“En cuanto Jesús salió del agua, vio que los cielos
se abrían y que el Espíritu descendía sobre él como una paloma.” Marcos 1:10 (Leer
Marcos 1:9-11)
El agua tiene
tantos significados, que es difícil hablar sobre ella. Es un símbolo de vida:
nos formamos y desarrollamos en agua dentro del cuerpo de nuestra madre; cuando
llega el momento de nacer, un torrente de agua da el aviso. El agua es
indispensable para la vida y la salud: pocas personas pueden vivir más de tres
días sin beber agua, ¿y quién quiere pasar muchos días sin poder lavarse?
Pero el agua
también es un símbolo de muerte. Hay personas que mueren en inundaciones o
debido a la fuerza de las olas o corrientes marinas. Y las enfermedades que
llenan el cerebro, el corazón o los pulmones de agua también pueden matar, incluso
estando en tierra seca.
Quizás sea por
eso que Jesús eligió el agua para marcar el comienzo de su ministerio público.
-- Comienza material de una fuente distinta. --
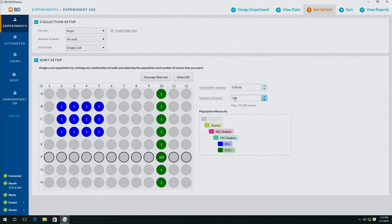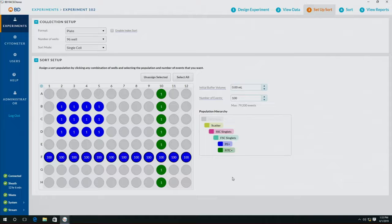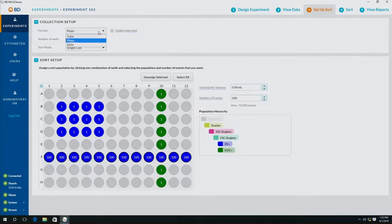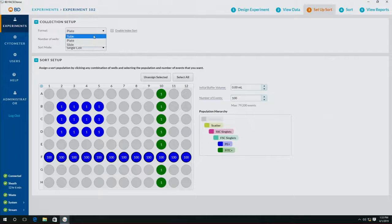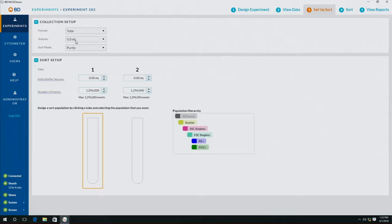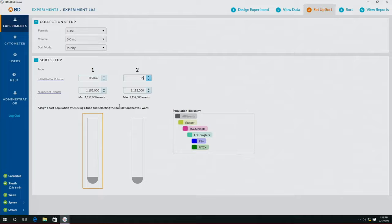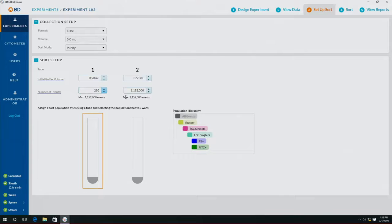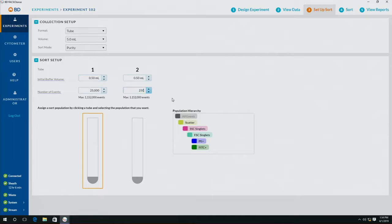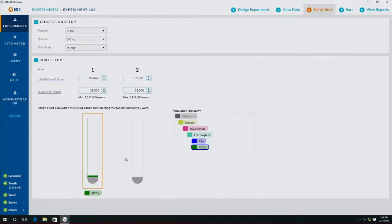For now we're going to sort into a tube, so we're going to select 5ml tube on purity, and I'm going to add how much buffer I am putting into each tube. This number here is the maximum number of cells I can sort without the tube overflowing. I'm actually going to sort 25,000 beads in each tube, and I'm going to sort the Fitzy positive on the left and the PE positive on the right.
Cuando Juan lo bautizó, Jesús se sumergió en el agua y volvió a salir. Esto es
un simbolismo o prefigura de lo que iba a hacer al final de su ministerio
público, cuando libremente fue a la muerte para salvarnos y luego resucitó
nuevamente a la vida.
Jesús nos
mostró el camino a través de su Bautismo. El apóstol Pablo nos recuerda:
"¿No saben ustedes que todos los que fuimos bautizados en Cristo Jesús,
fuimos bautizados en su muerte? Porque por el bautismo fuimos sepultados con él
en su muerte para que, así como Cristo resucitó de los muertos por la gloria
del Padre, así también nosotros vivamos una vida nueva" (Romanos 6:3-4).
Al comienzo de
su ministerio Jesús nos muestra el camino a través de las aguas de la vida y la
muerte y nos ofrece un nuevo nacimiento a través del Bautismo en el nombre del
Padre, del Hijo y del Espíritu Santo. La muerte sigue estando, sí; la muerte
por nuestra vieja naturaleza pecadora, por el mal que nos acosa e infecta
nuestro corazón y mente. Y eso nos asusta. Pero Jesús ya conquistó la muerte y,
a través del Bautismo, nos hace hijos amados de Dios y nos promete la vida
eterna junto a él.
ORACIÓN: Señor Jesús, gracias por el don de la
vida a través del Bautismo. En este día y cada día de mi vida, ahoga el pecado
que hay en mí y levántame para vivir contigo en gozo y paz. Amén.